Ignoring every picture, return the lines of the listing below word for word, from the line that holds "Flex-Well Classic Miniküche" through the line that holds "Charkhee Forest Green Kurta with Pyjama".

Supplied material:
^^^^^^^^^^^^^^^^
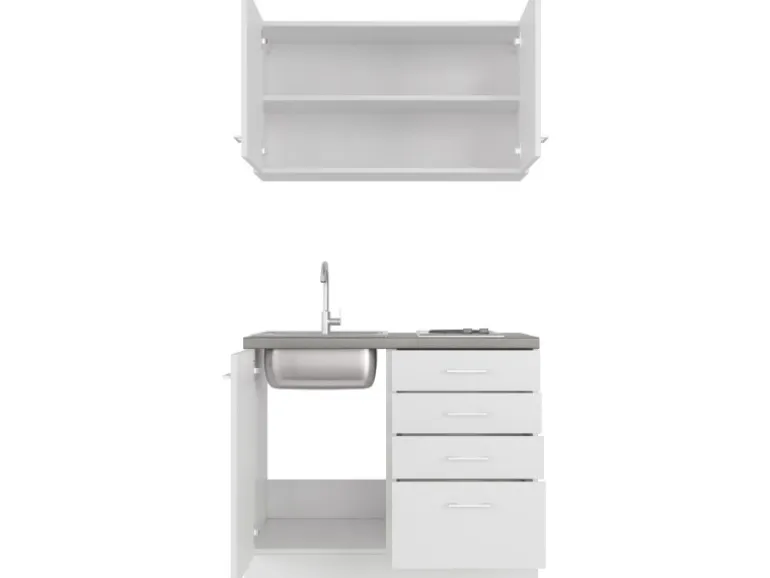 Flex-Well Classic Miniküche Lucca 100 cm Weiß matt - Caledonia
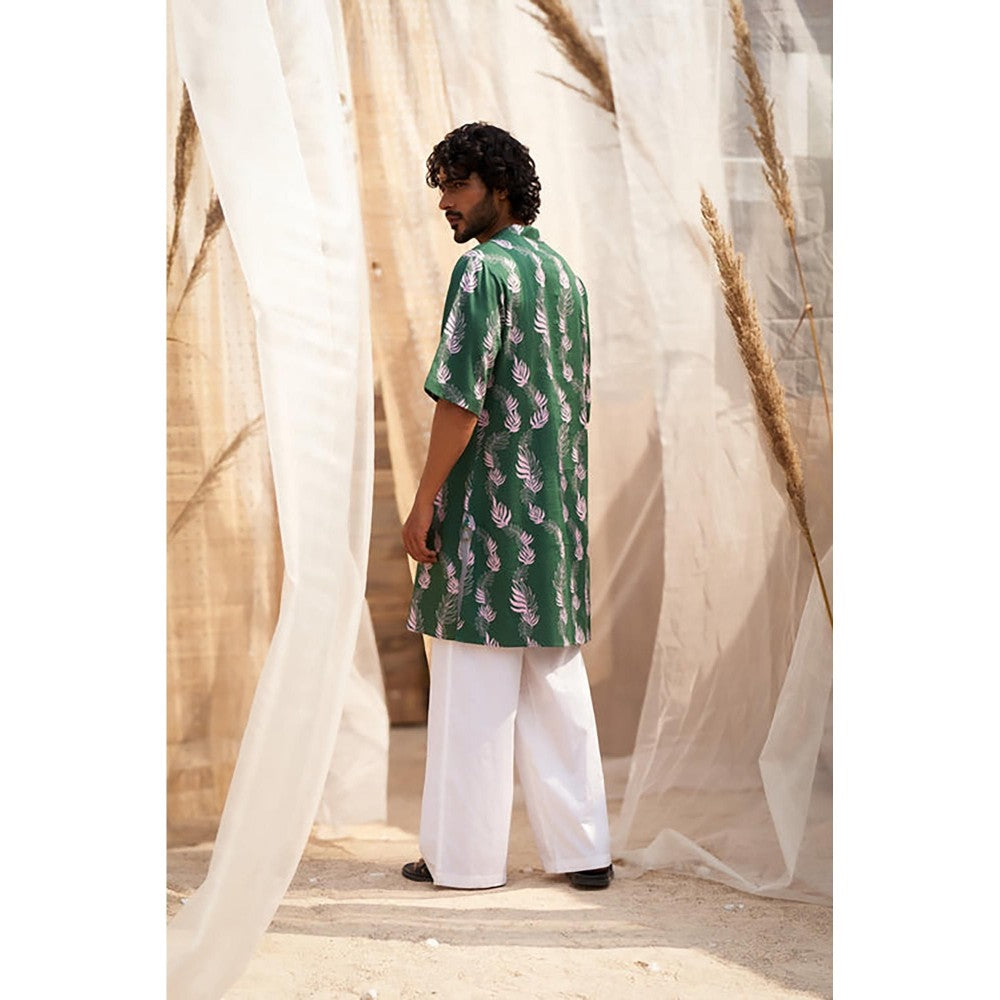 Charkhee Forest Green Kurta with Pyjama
^^^^^^^^^^^^^^^^
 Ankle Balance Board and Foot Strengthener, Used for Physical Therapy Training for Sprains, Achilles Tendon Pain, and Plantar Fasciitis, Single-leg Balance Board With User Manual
^^^^^^^^^^^^^^^^
Written answer:
 Flex-Well Classic Miniküche Lucca 100 cm Weiß matt - Caledonia
 Charkhee Forest Green Kurta with Pyjama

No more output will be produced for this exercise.